Wednesday, August 25, 2010

Jeans: The Destroyers of Worlds



I don't wear pants very often. Hardly ever. That is to say I am a fan of the skirt and the dress very much so. There's just something about putting on a skirt or dress that seems easy yet sophisticated to me-- I mean, a dress is just one piece and you can't get much simpler than that. You can feel a breeze on your legs and you can look tres chic as you cross your legs and sip tea. Dresses and skirts always allow for optimum heel-wearing. I know some people feel nervous about these garments because they don't love their legs or are afraid of giving an accidental peepshow, but for me they're the only thing. They always make me feel lovely.

What keeps me from wearing pants is the process of trying on pants.

The other day my mother offered me some money with which to buy new jeans for college. I accepted on the premise that this was free money, but knew that this was the start of a downward spiral into an emotional breakdown. Buying jeans has never been a pleasant process for me. I think it really started getting harrowing, though, after I got really skinny and then... stopped being really skinny. Of course, when I was a size 4 that seemed too disgustingly huge in my warped little sense of reality, but the more weight I slowly gained back, the more jeans became The Enemy.
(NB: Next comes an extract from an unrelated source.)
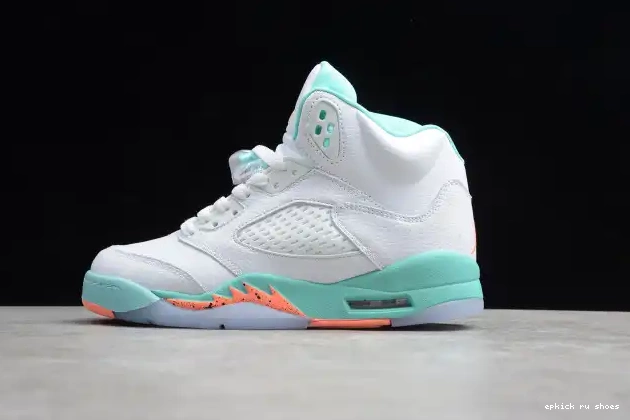 Cheap Jordan 5 440892-100 Air Aqua GS Light 0212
This is hard to explain when I consider the fact that I feel as if I am so much more body-positive now, larger, than I ever was when I was such a very socially acceptable size. When I look in the mirror, I do see things that I don't prefer, but I work hard to climb Mt. Self Acceptance and reassure myself that I am indeed smokin' hot and all that. I try not to allow myself to focus on my flaws or to be overly critical of myself. I can look at myself, naked or in clothes, and see someone of worth and beauty and all those wonderful things, even without the help of my very supportive and amazing boyfriend. I think I'm in a good place. I was much harder on myself and much more hateful of my body when I was very skinny. That's not to say large or small is definitively better-- more like that now I have a better body image and can thus make decisions about my body out of kindness and interest for its health and wellbeing rather than to punish it in order to be thinner (thus prettier, as society wants us to believe) than the next girl. And really I mean all the posts I make here about self-love and all that.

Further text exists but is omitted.